[Stored items]
*** Block opens ***

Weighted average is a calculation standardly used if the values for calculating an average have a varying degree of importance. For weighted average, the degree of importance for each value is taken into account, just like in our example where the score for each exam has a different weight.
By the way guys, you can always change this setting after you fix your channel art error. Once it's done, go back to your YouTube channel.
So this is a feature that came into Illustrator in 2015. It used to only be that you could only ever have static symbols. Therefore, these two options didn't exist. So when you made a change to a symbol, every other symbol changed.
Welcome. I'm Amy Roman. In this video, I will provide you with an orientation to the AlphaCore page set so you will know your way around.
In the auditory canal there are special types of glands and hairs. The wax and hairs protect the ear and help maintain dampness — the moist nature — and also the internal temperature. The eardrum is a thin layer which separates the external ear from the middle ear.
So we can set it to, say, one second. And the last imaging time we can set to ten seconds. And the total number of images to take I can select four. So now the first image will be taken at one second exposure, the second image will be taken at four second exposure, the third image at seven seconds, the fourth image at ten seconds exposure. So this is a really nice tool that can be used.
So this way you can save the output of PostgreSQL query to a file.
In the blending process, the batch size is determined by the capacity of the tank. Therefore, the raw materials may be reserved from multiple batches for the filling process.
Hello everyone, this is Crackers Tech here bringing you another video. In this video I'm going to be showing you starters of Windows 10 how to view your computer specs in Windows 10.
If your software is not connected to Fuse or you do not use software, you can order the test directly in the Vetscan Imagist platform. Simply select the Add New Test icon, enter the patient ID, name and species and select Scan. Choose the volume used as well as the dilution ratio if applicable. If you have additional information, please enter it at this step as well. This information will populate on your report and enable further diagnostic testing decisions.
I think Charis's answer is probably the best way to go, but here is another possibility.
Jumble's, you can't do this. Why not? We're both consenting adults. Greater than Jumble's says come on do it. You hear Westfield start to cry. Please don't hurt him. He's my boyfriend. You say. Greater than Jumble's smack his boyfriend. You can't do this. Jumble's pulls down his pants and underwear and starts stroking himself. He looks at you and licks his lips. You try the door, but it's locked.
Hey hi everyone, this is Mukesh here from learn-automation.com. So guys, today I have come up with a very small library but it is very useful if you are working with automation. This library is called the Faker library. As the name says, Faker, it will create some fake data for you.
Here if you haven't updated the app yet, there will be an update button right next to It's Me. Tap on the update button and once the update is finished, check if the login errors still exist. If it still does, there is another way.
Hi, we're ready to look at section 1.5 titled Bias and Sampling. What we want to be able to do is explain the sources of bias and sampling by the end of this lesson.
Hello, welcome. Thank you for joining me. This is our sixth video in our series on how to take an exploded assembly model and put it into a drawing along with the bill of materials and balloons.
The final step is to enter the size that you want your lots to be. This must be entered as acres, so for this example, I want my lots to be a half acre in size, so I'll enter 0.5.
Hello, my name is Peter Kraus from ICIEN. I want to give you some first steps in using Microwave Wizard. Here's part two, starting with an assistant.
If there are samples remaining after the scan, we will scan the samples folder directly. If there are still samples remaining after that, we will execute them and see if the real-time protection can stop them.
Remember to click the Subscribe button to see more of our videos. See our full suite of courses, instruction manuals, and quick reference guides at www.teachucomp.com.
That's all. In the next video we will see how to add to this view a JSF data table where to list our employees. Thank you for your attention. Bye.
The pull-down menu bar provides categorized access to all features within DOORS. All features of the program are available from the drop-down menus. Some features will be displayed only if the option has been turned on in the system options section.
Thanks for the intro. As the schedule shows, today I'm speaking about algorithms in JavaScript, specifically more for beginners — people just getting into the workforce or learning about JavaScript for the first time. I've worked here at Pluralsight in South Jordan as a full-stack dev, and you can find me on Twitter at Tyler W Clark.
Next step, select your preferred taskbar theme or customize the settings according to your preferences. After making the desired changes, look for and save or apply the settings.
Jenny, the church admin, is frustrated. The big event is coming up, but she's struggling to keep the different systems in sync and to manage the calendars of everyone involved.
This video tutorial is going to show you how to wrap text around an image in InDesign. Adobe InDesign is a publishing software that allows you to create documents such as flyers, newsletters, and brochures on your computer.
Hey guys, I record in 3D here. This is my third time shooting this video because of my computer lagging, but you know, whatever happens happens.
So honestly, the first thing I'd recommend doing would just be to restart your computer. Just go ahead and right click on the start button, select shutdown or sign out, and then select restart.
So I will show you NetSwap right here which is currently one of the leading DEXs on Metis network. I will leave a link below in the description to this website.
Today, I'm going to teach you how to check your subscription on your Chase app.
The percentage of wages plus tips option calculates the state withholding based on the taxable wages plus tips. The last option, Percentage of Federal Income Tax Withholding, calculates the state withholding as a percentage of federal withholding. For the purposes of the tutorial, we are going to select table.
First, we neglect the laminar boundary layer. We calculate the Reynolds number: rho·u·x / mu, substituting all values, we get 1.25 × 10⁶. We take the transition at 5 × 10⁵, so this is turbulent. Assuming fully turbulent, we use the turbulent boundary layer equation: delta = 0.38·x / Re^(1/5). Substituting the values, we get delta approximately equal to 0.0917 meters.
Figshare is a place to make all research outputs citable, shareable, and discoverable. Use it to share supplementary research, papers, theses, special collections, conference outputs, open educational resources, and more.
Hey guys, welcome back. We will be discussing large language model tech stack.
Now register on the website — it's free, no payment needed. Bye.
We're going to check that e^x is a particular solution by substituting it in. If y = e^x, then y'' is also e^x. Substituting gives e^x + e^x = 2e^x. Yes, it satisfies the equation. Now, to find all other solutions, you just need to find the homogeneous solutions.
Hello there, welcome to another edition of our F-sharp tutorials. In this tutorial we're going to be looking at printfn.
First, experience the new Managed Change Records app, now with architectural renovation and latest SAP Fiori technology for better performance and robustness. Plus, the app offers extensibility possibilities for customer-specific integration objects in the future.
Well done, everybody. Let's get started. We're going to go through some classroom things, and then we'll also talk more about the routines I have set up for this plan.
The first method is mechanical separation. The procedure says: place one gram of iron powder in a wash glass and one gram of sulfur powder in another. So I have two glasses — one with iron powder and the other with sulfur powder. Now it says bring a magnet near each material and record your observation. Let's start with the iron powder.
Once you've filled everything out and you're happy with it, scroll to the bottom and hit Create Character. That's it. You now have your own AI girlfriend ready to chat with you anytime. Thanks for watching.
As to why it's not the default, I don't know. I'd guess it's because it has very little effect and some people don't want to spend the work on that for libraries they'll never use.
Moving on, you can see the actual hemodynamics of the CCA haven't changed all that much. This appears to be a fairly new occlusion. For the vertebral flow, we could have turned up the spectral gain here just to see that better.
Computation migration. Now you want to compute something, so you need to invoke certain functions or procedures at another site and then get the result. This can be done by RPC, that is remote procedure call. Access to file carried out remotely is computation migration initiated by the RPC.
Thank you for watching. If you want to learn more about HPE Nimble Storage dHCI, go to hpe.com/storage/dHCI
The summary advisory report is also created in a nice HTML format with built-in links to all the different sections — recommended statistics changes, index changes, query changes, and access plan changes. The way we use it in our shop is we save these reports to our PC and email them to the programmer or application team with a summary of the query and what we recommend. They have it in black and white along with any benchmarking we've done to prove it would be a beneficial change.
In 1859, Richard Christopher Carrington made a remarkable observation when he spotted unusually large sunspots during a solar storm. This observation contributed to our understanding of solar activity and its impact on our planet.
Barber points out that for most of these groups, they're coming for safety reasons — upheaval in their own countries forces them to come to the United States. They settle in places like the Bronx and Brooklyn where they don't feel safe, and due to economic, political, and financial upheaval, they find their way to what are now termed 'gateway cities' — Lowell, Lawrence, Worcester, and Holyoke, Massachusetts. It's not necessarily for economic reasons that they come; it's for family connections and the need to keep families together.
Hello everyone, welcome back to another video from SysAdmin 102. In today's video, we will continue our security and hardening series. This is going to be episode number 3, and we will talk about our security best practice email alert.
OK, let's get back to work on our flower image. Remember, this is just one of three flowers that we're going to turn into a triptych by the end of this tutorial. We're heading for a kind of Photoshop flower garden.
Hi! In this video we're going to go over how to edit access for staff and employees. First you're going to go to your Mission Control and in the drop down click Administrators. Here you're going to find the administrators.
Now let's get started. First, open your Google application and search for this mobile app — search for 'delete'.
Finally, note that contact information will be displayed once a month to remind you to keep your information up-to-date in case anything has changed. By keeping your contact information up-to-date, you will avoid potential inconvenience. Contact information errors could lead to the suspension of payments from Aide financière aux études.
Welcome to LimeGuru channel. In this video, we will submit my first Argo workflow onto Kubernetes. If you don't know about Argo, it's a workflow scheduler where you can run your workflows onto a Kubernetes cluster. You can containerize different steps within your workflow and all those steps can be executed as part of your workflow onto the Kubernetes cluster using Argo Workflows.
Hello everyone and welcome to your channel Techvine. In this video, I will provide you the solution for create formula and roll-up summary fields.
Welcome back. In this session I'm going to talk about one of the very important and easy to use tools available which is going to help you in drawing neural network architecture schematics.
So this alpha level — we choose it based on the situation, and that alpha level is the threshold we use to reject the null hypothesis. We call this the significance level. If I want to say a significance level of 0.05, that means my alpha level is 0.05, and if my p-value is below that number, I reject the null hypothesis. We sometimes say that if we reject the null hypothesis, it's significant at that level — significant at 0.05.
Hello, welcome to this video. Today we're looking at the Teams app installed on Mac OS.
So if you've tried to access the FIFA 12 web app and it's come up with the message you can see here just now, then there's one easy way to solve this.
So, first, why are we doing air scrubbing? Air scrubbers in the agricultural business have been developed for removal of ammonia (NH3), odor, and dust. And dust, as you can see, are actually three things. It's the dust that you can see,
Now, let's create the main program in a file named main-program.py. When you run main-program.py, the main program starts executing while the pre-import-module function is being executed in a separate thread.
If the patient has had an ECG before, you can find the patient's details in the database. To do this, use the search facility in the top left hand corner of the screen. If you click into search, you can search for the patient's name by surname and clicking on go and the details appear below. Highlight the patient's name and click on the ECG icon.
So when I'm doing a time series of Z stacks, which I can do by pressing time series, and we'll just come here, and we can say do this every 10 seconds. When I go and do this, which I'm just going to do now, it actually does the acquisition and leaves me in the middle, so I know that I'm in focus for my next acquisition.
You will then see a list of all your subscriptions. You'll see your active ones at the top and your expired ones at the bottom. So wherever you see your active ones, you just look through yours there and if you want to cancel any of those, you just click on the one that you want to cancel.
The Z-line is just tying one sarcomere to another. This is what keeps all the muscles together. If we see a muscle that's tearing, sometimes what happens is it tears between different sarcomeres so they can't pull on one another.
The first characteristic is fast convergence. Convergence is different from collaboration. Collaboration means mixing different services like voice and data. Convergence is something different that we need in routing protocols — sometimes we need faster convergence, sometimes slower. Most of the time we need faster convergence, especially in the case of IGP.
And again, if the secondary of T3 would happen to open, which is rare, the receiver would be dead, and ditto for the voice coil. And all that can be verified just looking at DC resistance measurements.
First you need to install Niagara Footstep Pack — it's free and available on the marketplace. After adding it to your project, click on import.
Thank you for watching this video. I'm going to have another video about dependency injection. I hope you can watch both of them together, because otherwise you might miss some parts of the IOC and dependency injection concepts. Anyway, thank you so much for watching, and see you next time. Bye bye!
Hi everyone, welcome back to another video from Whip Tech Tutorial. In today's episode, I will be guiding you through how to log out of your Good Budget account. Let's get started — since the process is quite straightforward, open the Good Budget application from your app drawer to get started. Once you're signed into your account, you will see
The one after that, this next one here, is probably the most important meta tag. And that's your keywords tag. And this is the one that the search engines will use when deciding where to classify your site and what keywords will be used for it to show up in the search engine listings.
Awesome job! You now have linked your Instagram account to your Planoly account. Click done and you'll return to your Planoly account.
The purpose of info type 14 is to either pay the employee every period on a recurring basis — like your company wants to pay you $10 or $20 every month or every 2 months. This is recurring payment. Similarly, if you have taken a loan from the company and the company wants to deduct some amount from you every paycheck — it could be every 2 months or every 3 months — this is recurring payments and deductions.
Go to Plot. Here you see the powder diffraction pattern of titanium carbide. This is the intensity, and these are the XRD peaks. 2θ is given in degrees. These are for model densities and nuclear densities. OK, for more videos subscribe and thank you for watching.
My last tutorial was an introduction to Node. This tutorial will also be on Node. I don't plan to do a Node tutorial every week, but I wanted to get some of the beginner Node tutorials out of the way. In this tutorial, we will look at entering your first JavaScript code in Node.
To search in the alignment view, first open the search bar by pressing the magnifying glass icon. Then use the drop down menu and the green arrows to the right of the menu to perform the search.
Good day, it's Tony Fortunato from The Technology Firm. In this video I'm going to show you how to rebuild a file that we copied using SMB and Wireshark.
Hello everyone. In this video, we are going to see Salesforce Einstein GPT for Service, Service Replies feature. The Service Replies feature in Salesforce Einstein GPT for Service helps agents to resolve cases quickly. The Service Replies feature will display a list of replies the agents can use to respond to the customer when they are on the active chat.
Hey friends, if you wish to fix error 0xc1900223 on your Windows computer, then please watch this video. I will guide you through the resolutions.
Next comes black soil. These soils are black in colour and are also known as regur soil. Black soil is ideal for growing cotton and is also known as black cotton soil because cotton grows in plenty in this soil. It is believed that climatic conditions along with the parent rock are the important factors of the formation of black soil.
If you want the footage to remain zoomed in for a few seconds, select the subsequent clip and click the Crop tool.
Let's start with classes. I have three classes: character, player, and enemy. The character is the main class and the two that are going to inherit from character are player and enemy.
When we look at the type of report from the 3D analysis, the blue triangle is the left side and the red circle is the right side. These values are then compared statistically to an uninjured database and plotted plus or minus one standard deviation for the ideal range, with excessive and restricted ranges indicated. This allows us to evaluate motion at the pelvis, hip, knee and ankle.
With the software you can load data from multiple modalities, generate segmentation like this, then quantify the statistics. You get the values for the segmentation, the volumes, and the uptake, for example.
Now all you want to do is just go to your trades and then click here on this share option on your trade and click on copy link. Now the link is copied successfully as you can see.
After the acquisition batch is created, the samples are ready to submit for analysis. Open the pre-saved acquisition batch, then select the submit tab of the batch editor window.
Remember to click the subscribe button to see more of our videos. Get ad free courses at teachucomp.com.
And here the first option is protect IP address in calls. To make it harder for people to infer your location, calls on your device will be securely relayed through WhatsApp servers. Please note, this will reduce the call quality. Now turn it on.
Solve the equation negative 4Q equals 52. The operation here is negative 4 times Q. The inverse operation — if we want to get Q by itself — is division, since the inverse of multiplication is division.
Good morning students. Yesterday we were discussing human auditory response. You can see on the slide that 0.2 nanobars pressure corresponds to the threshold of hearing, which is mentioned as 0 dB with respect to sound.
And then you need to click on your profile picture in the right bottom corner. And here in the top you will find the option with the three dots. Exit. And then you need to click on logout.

*** Block closes ***

Report how many lines of the data hold the string "teachucomp"; give only the number.

2